In fact, the Third Circuit stated the true nature of this legal fight in its ruling.
Federal law, not the religious organization’s signing and mailing the form, requires health-care insurers, along with third-party administrators of self-insured plans, to cover contraceptive services.”  Thus, the plaintiffs’ “real objection” isn’t to sending a form or letter to the federal government; it is what happens after the form is provided – that is, to the actions of the insurance issuers and the third-party administrators, required by law once the [plaintiffs] give notice of their objection.
Federal law does not give these plaintiffs “a religious veto against plan providers’ compliance with those regulations, nor the right to enlist the government to effectuate such a religious veto against legally required conduct of third parties.
In short, the plaintiffs are not satisfied with imposing their “deeply held” religious beliefs on their employees.  They want the power of a religious veto to impose their beliefs on health insurers and third party administrators.
It is very likely that Alito’s order is a warning that the Supreme Court is ready to expand the meaning of an artificial person’s “religious freedom” beyond imposing it on the natural persons it employs.  It’s very likely that some on the Court hope to empower “religious” corporations to enlist government as the enforcer of a religious veto against legally mandated actions by third parties.
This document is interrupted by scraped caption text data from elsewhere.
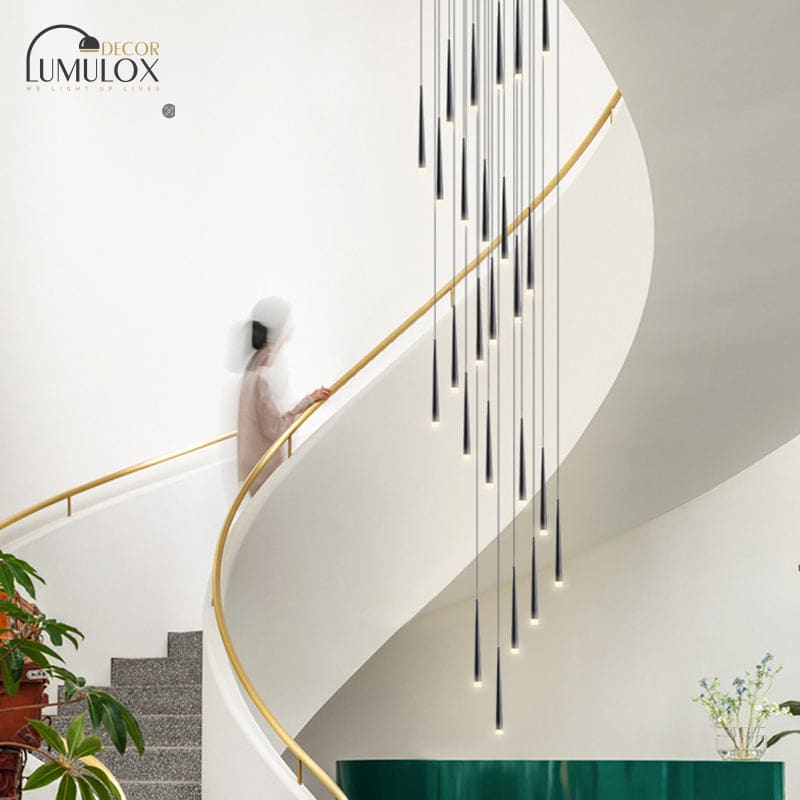 Minimalist Metallic Multi Ceiling Light – Acrylic Suspension Fixture for Staircases & High Ceilings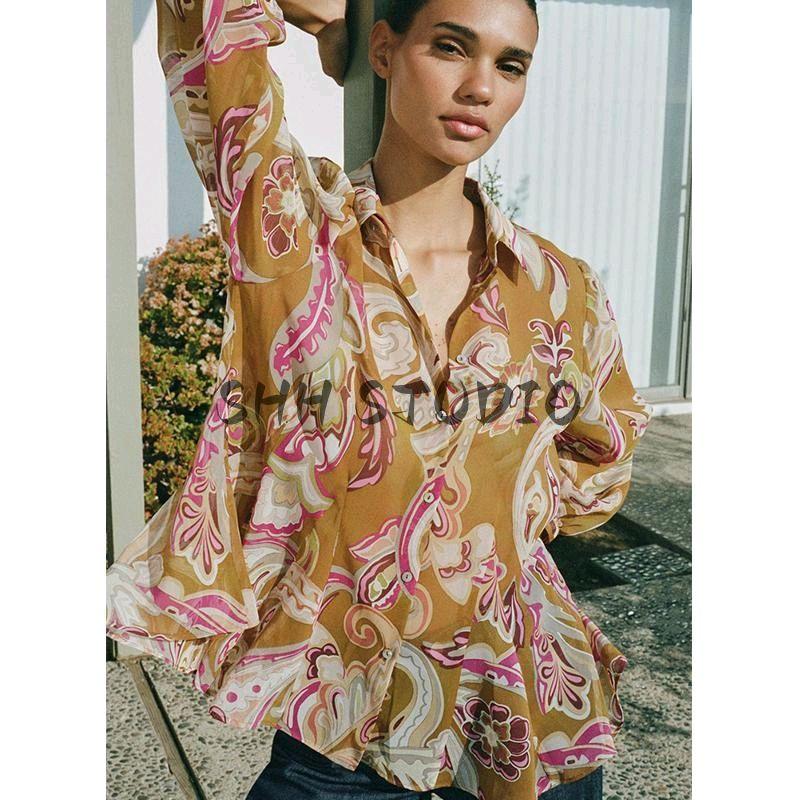 Spring New Women's Clothing French Casual Loose Lapel Long Sleeves Translucent Print Shirt 2502126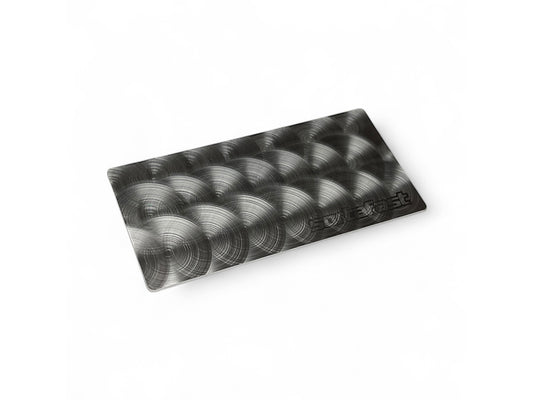 Sortafast stainless steel 1S/2S shorty battery weight plate with hand-applied engine-turned finish (38g).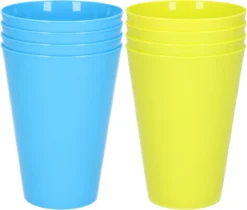 24x Verres à Boire En Plastique Incassable 430 ML En Bleu Et Vert - Camping/anniversaire/tout-petits/préscolaire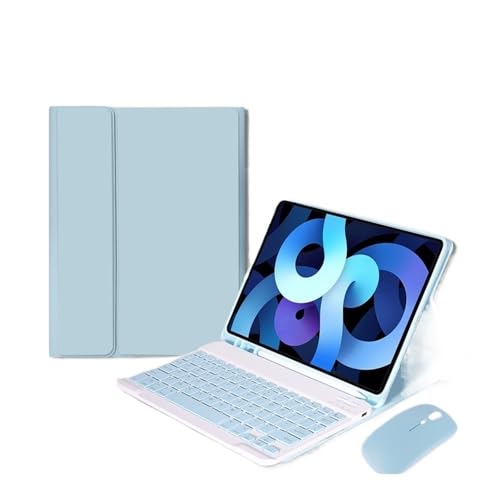 Funda para iPad Pro 11 2024 con ranura para boligrafo y teclado retroiluminado ice blue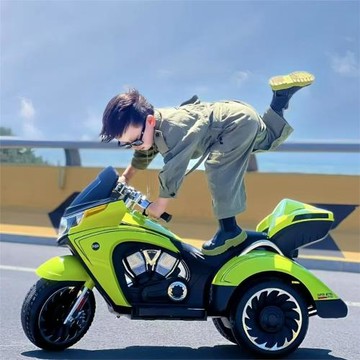 兒童電動摩托車男女寶寶可坐雙人超大充電雙驅三輪電玩具遙控警車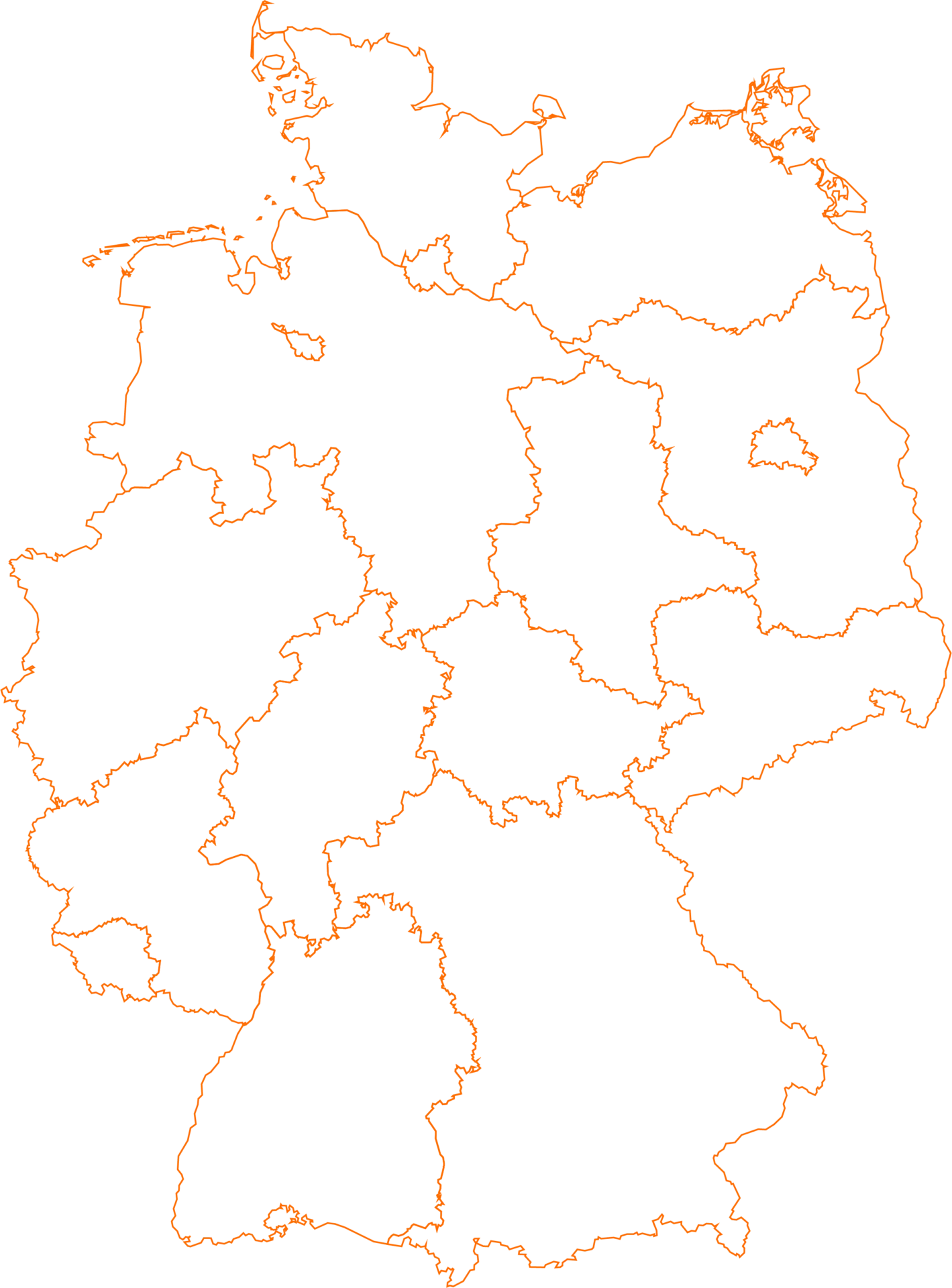 Deutschlandkarte mit Bundesländern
This never was about corporations with religious beliefs, strongly held or otherwise.  If it were about religious conviction, the companies in question would be satisfied to state their objection, get their exemption and be done with it.  As the Third Circuit noted, the objection is about what happens after the company states its objection.  That is the difference between the freedom to practice one’s religion and the tyranny that entails imposing a religious belief on unwilling subjects.